In Switzerland, the plant at Maartigny-Bourg produced magnesium in small quantities until 1947.
In Italy, in 1939, the Samis/Aosta Company was formed to operate the I.G. dolomite-ferrosilicon thermal reduction process. It produced 350 tpy until 1945 when it was closed. The Societe Anonima Italiana per il Magnesio e Leghi de Magnesio was founded in 1938 to erect a plant at Bolzano to operate the Amati process for the extraction of magnesium from the oxide. The Amati process used large internally heated retorts with special large briquettes placed on trays and lowered into the retort. Condensed magnesium crowns from this process were reported to weigh over 450 kg. This plant reached an output of over 4,000 tpy at its peak in 1943. (9)

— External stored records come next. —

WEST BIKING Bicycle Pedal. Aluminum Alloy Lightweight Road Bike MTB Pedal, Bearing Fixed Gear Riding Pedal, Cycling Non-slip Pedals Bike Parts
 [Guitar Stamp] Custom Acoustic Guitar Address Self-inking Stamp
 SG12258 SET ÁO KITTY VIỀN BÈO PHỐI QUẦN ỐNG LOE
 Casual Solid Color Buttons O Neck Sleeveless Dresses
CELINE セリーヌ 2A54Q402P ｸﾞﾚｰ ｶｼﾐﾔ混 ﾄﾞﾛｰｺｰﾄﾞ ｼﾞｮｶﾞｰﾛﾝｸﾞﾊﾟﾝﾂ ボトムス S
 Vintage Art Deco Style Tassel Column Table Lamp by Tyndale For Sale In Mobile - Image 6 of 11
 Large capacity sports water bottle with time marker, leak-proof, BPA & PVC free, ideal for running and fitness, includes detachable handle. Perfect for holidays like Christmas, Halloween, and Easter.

In France, two modern plants improving on the original electrolytic plants were built at Jarrie, Isere and St. Auban in the Basses-alpes. These plants produced 3,000 tpy using the I.G. process during the first part of the war. During occupation, the plant production dropped to 400 tpy. Lab work done on a thermal reduction process in the 1931-1938 period, but no plant was built. This work was the basis for the Magnetherm process installed in 1964. (9)

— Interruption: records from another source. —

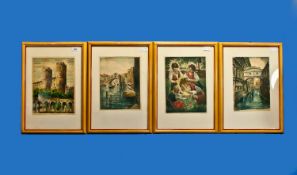 Four Coloured Framed Etchings. Each depicting various scenes, Children playing in a field, Venetian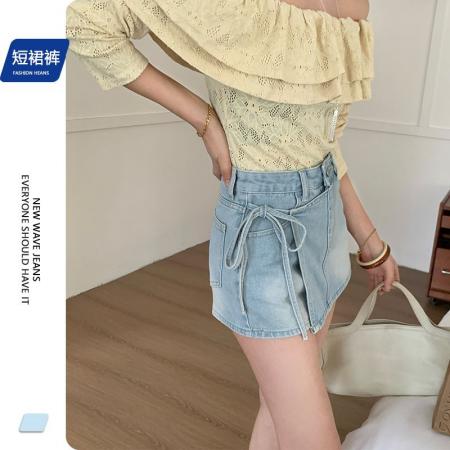 BY13944# 奶蓝色牛仔高腰短裙裤春季新款设计感绑带显瘦A字裙子  服裝批發女裝批發服飾貨源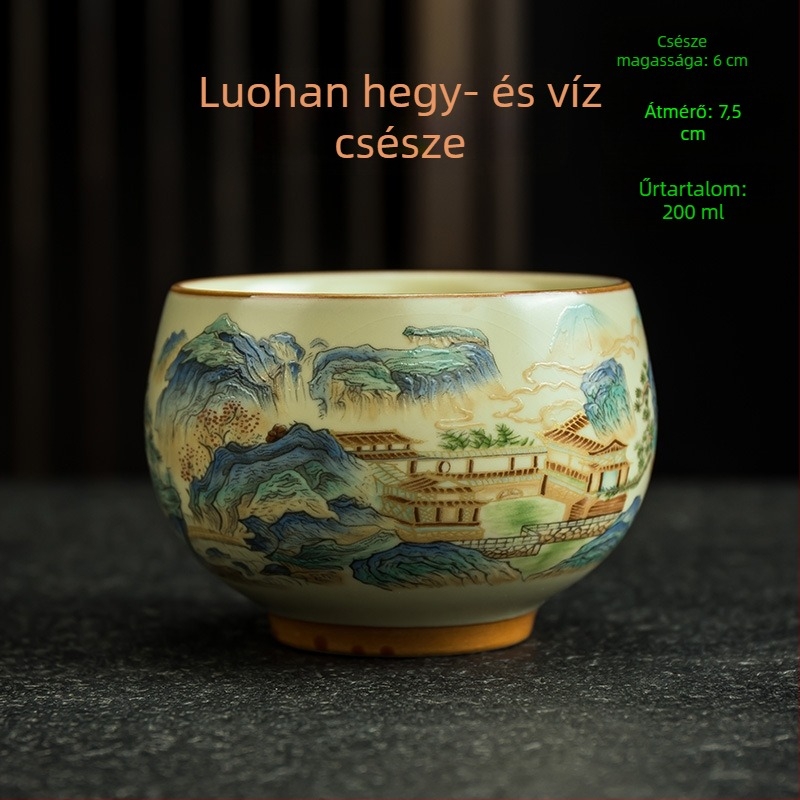 Luo Han teáscsésze, 200 ml bézs porcelán teáscsésze kék-fehér retró mintával, nagy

In Japan, in 1942, there were six plants producing magnesium. Two plants in Korea and one in Taiwan were operated by Japanese companies. The metal produced in these plants was obtained from magnesite and brines by electrolysis and carbothermic production. Seawater was not used and no silicothermic methods were employed. Production of magnesium by the Japanese doubled during World War II and all of it was used as an alloying element in aluminum, for fighter planes (mainly the Zero), in pyrotechnics, and other war materials. By December 1945, 16 plants were operating in Japan, Korea, and Taiwan to supply Japan's war requirements. (9)
The 10,000-tpy German plant built in Norway in 1940 only operated for several years and was destroyed by bombs.
During the war, Russia increased magnesium production at Solikamsk. The plant at Zaporozhye, in the Dnieper Basin, came under danger from attacking forces. Much of the equipment was moved and key members of the plant staff were transferred to Solikamsk to assist in expanding magnesium production. After the close of the war, the 12,000-ton capacity plant at Aken in East Germany and the 20,000-ton capacity plant in the Soviet zone in Austria, were dismantled and taken to Russia. (10)
The largest major expansion of magnesium production came in the U.S. during 1940-1943. In 1940, Dow doubled the size of their Midland , Michigan plant which used brine for the source of magnesium chloride. At the same time, Dow started construction of its Freeport, Texas plant, which would use seawater as a magnesium chloride source. From 1941-1943, 15 magnesium plants were built in the U.S., 13 by the U.S. government. Of these, eight employed electrolytic processes, six used silicothermic processes, and one used the carbothermic process. U.S. production capacity reached 291,000 tpy in 1943.
In Canada, Dr. L. M. Pidgeon of the Canadian Research Council developed the thermal process that became known as the Pidgeon Process. This process used calcined dolomite and 75% FeSi ground, blended and briquetted into pellets that were charged into closed end, externally heated retorts. A 5,000-tpy plant was built at Haley, Ontario and quickly ramped up in production. This plant is still in operation today.